Pandangan serupa disampaikan oleh perwakilan Sahabat Elang Indonesia, Andi Sukendi. Ia menyebut konvensi nasional tersebut merupakan tahapan penting dalam rangkaian penyusunan RSKKNI yang sebelumnya telah melalui berbagai proses diskusi, kajian, dan pelibatan para pemangku kepentingan.
“Kami hadir untuk memberikan masukan dan pemikiran dalam penyusunan standar kompetensi yang relevan dengan kebutuhan industri. Harapannya, standar yang dihasilkan dapat menjadi landasan yang kuat dalam meningkatkan profesionalisme, keterampilan, pengetahuan, dan sikap kerja para pemandu geowisata,” kata Andi.

Sementara itu, Menteri Pariwisata dan Ekonomi Kreatif, Sandiaga Salahuddin Uno, saat membuka Konvensi Nasional Rancangan SKKNI 12 Bidang Pariwisata di Jakarta menegaskan bahwa penguatan kompetensi SDM merupakan bagian penting dalam pembangunan sektor pariwisata dan ekonomi kreatif yang berkelanjutan.

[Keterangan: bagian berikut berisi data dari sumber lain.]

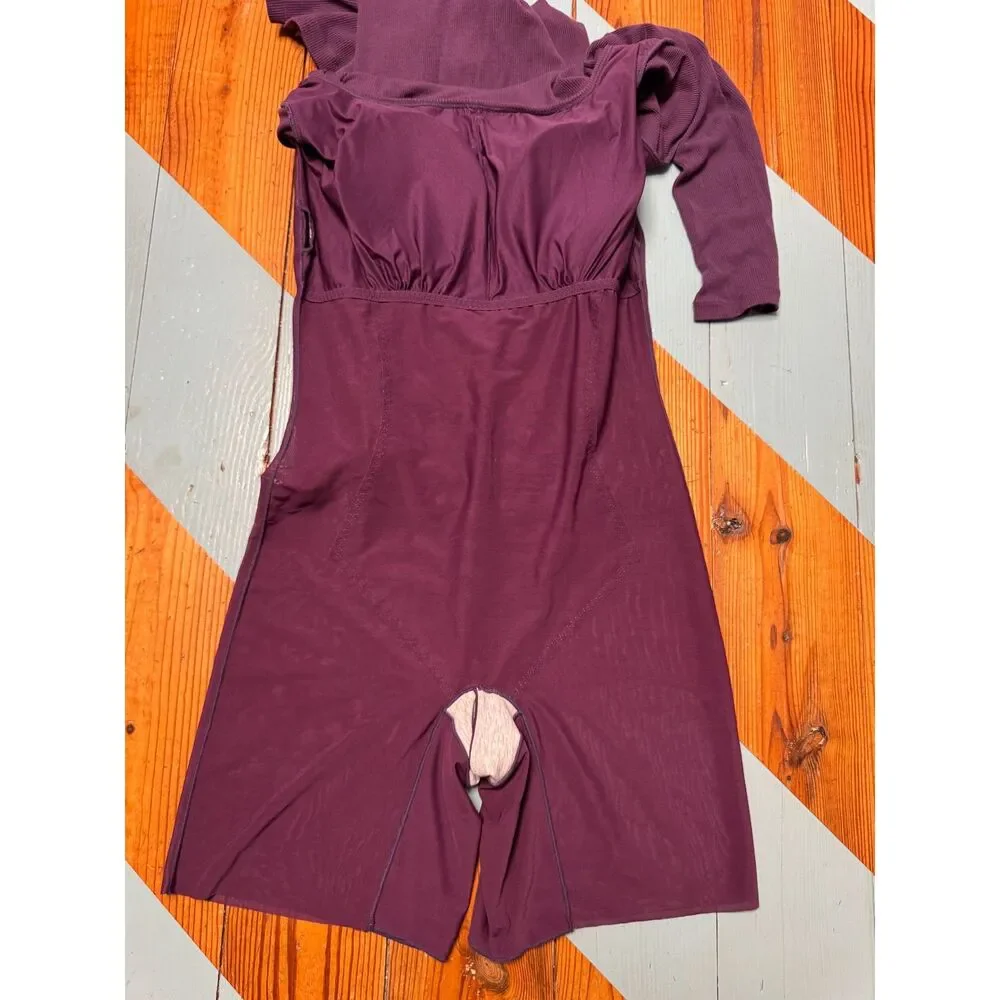 Popilush XL Plum Maxi Dress Built-In Shapewear Square Neck Long Sleeve Bodycon - Picture 5 of 11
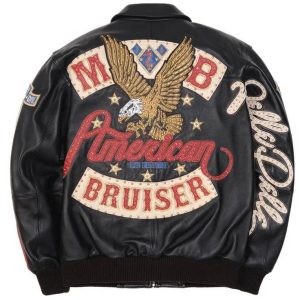 American Bruiser MB Pelle Pelle Black Plush Leather Jacket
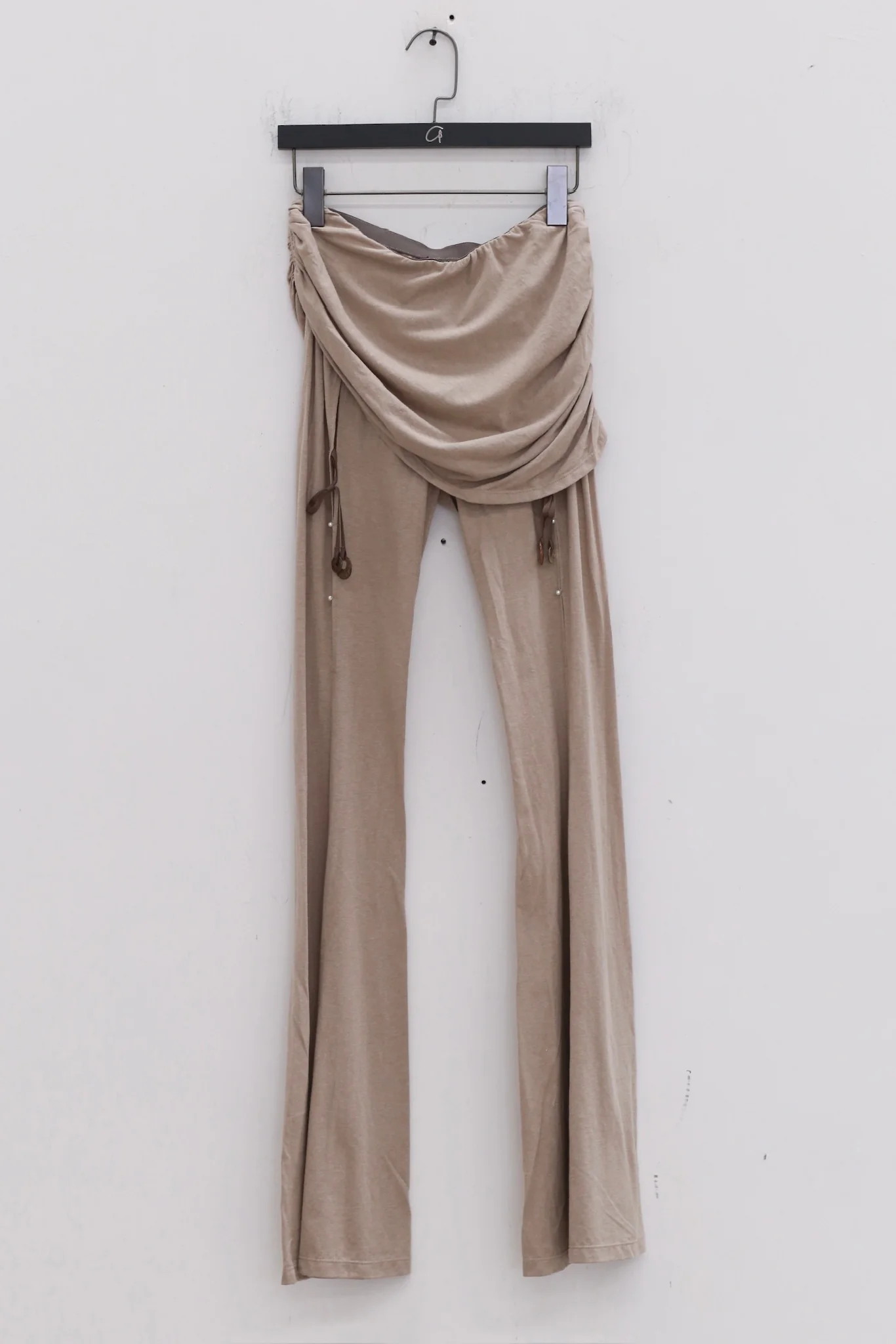 RUI built 25 autumn and winter cotton and linen G waist skirt flared pants RUI-RAW25WV03-Ficelle camel brown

Menurutnya, SKKNI menjadi instrumen penting dalam mengukur serta memastikan kompetensi tenaga kerja sesuai dengan bidang keahlian masing-masing. Standar tersebut juga berfungsi sebagai pedoman dalam pengembangan kompetensi dan peningkatan kualitas layanan di industri pariwisata.
Sandiaga menjelaskan bahwa proses penyusunan SKKNI memerlukan tahapan yang panjang dan melibatkan banyak pihak. Pada tahun 2022, penyusunan mencakup 14 bidang pariwisata dengan waktu pengerjaan sekitar empat bulan. Sementara pada tahun 2023, penyusunan dilakukan terhadap 12 bidang pariwisata yang terbagi dalam dua tahap pelaksanaan.
Ia juga menyampaikan apresiasi kepada seluruh tim perumus, organisasi profesi, akademisi, serta para pemangku kepentingan yang telah berkontribusi dalam proses penyusunan standar kompetensi tersebut.
Melalui keterlibatan aktif berbagai pihak, termasuk komunitas dan organisasi masyarakat seperti Elang Khatulistiwa Indonesia, diharapkan lahir standar kompetensi yang mampu menjawab kebutuhan industri sekaligus mendukung terwujudnya SDM pariwisata Indonesia yang unggul, profesional, dan berdaya saing global.